The sharpest decline in mall rental values are also recorded high in Delhi-NCR by 60%, while Mumbai also dropped by 58% in rentals followed by Ahmedabad (55%), Chennai (54%), Hyderabad (52%), Bangalore (49%), Kolkata (45%), Pune (42%) and Dehradun (40%), it pointed out.
Nearly 82% of the retailers said they are shutting down some of stores in areas where rentals are too high, and with the slowdown in consumption complicating things further, it said.
Nationally, the vacant rates of shopping malls are 55% and will likely rise to 70% by 2015, according to the Assocham analysis. More than 90% of shopping in India is still done at unorganised one-off shops, the survey added.
Sunil Kumar Dhaiya, Co-Chairperson of Assocham Real Estate committee said: "The real estate prices and construction costs are rising but the retail business is not growing enough to absorb this. There are just not enough footfalls."
"Retail rents are down 60-65% from peaks in 2010 and that's especially painful for developers, when servicing loans is expensive at 12-13% interest," Rawat said.
Nearly 76% of the shop owner’s said that increasing rents will not work because at the end of the day it has to be affordable for retailers to do business and the fate of the retail realty segment is intertwined with the retail industry.
The retail sector is forecast to grow rapidly, but mall rentals and valuations are not rising in of most markets, Rawat added.
According to the Assocham estimates, rental values of malls remained stagnant across Delhi-NCR, Ahmedabad, Mumbai, Pune, Chennai and Kolkata in the October-December 2012 quarter. However, certain micro markets in Ludhiana, Indore witnessed a growth over the quarter in the range of 10-15%.
There are about 1,200 shopping malls in India, the growth in the retail sector has driven a mall building boom across the country, with the total number of malls expected to increase to 1,500 by 2015 from 1,200 in 2012," the report added.

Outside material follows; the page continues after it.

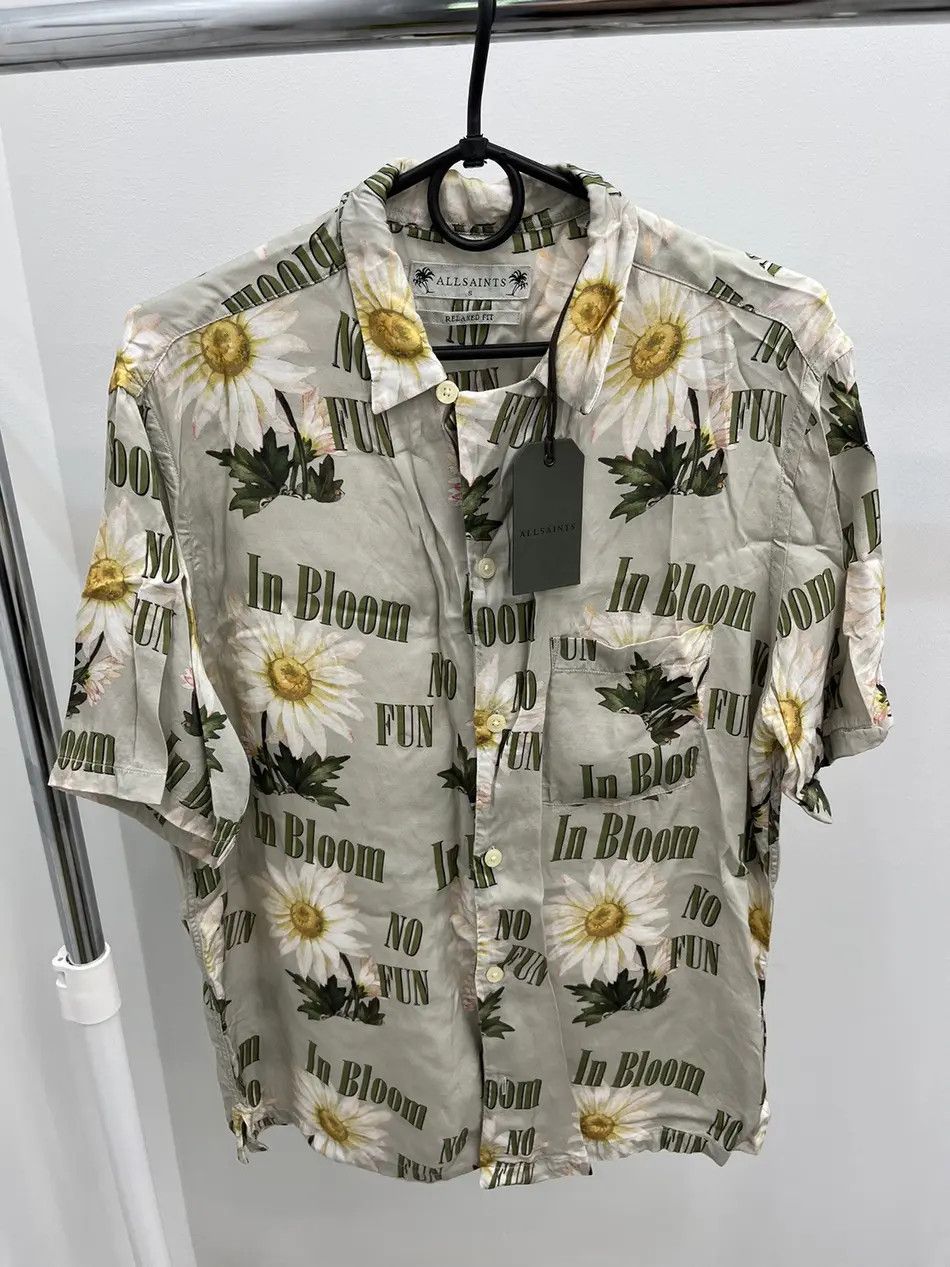 Allsaints Allsaints In Bloom Daisy Printed Viscose Hawaiian Shirt Size US S / EU 44-46 / 1 - 1 Thumbnail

The malaise of high vacant malls can be seen in micro markets, such as Ghaziabad, Noida and Gurgaon, where retail has not picked up. Clubbing this with the fact that spending was really low, the demand for malls is likely to remain dull for the coming next 2013, Rawat commented.
The survey further said demand for mall space across most micro markets remained slow because of lack of fresh supply, conservative approaches from retailers and overall slowdown in consumer demand. Slowdown in retail demand in many micro markets has led to rental values either remaining stable or correcting marginally in the range of 10 to 15% over the previous quarter.